Assassinate the most powerful leader in the known world in his very home and expect to walk away unscathed?
Finally, he nodded with a firm jerk of his head. “I’ll check on the ship immediately.”
ER 19
FELIX
KRAESHIA
Felix woke up with the urgent knowledge that something was terribly wrong. If only he had any idea what it was.
He tried to ignore it, though, because life had never been better for him. He’d earned back King Gaius’s trust. He’d traveled beyond the shores of Mytica for the first time ever, to the beautiful empire of Kraeshia. And a gorgeous princess had invited him to share her bed for not one, but seven nights.
Seven. In a row.
Felix’s life had become so shiny and bright, so why did everything suddenly feel so damningly dark?
He crawled out of Princess Amara’s huge feather bed, draped with green silks and diaphanous veils of pale gold, and hastily got dressed.
His stomach grumbled. Perhaps he could attribute this dark feeling to hunger—ever since his arrival in Kraeshia, he’d consumed too many fruits and vegetables and not nearly enough red meat.
“Felix, my pretty beast . . .” Amara said sleepily. She wrapped her arms around his waist as he sat on the side of the bed to put on his boots. “Leaving me so soon?”
“Duty calls.”
She slid her hands down his bare chest. “But I don’t want you to go yet.”
“The king might disagree.”
“Let him.” Amara pulled his face to hers and kissed him. “Who cares what the king thinks, anyway?”
“Well, me for one. I work for him. And he’s very strict.”
“Leave him and work for me.”
“And be what? One of your lowly manservants?” He was surprised by the amount of poison in his voice. Where had that come from?
He knew theirs wasn’t a relationship with any potential or future. Amara was a princess with a large appetite and a short attention span—nearly as short as his own. But of course he wasn’t complaining. Amara was beautiful. Willing. Enthusiastic. Double-jointed.
So what the hell was wrong with him today that he wasn’t thanking the goddess for his enviable current situation?
He cast a wary look at her as he stood up and her hands dropped away from his body.
“Oh, dear,” she said. “My pretty beast is grumpy this morning.”
He wasn’t sure he liked that nickname, but knew enough not to correct her. “You know I’m not the grumpy sort.”
Amara leaned back against the pillows and watched him put on yesterday’s shirt and coat. “Tell me,” she said, her tone less playful now, “what will happen if my father refuses the king’s offer?”
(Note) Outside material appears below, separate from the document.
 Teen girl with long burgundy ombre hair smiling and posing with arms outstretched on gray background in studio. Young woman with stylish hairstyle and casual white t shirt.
They hadn’t spoken a word about politics all week, which was fine with Felix. He wasn’t the king’s advisor or confidant, nor did he have any interest in being anything more than his muscle and brawn.
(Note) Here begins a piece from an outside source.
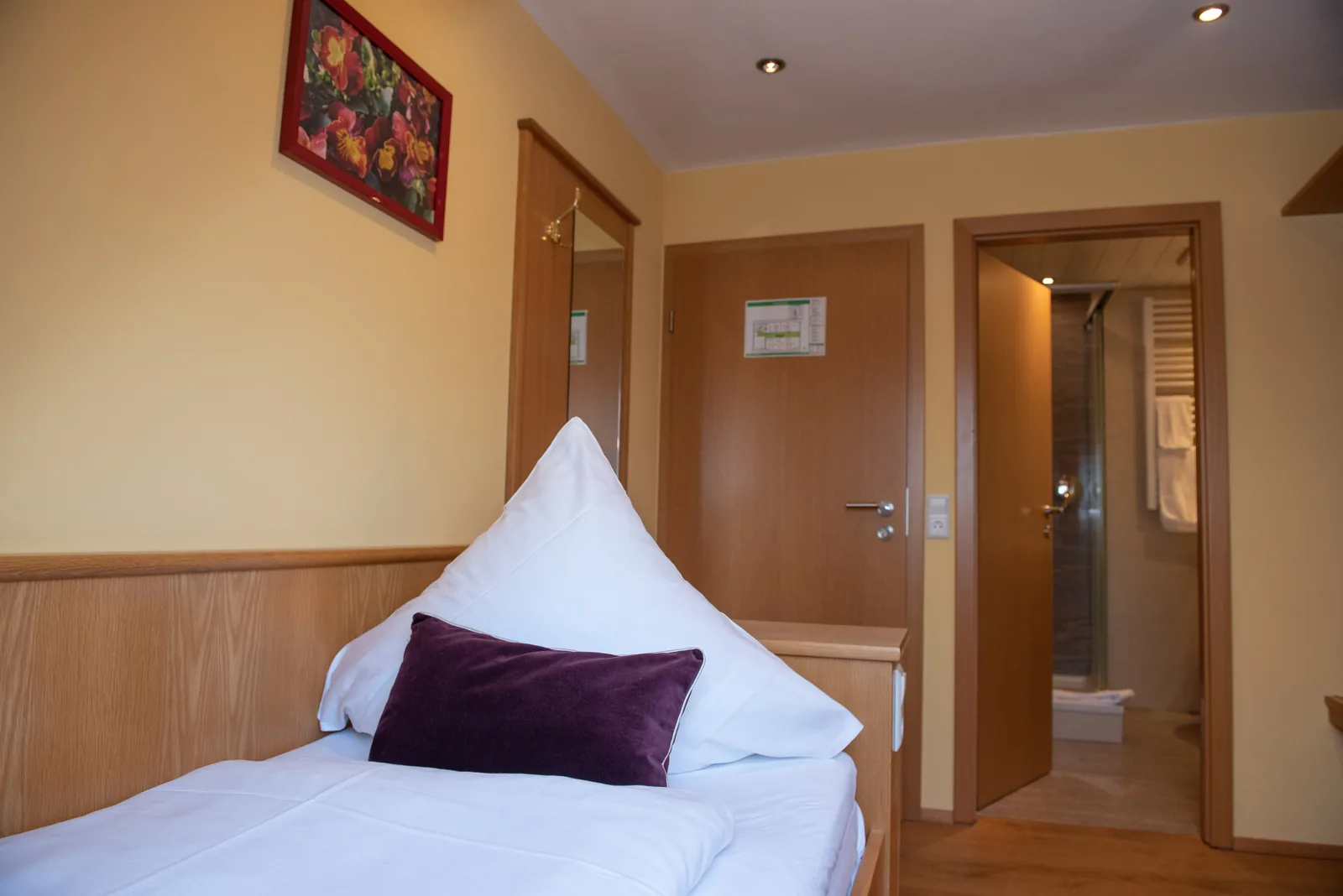 Einzelbett mit violettem Kissen und Blick zum Badezimmer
“Don’t know,” he said. “You think he’ll refuse?”
Amara raised an eyebrow. “Do I think my father will refuse to hand over half his empire for a shiny bauble and a threat of magic?”
When he’d watched King Gaius wave the air Kindred under the emperor’s nose, Felix had been certain the Silver Sea had risen up and crashed over him right there at the banquet. It had taken every last sliver of his strength to keep his expression neutral. “It does sound pretty crazy, doesn’t it?”
Felix didn’t know much about the crystal, but he knew enough to be sure that it didn’t belong with an emperor who would use it to conquer the world.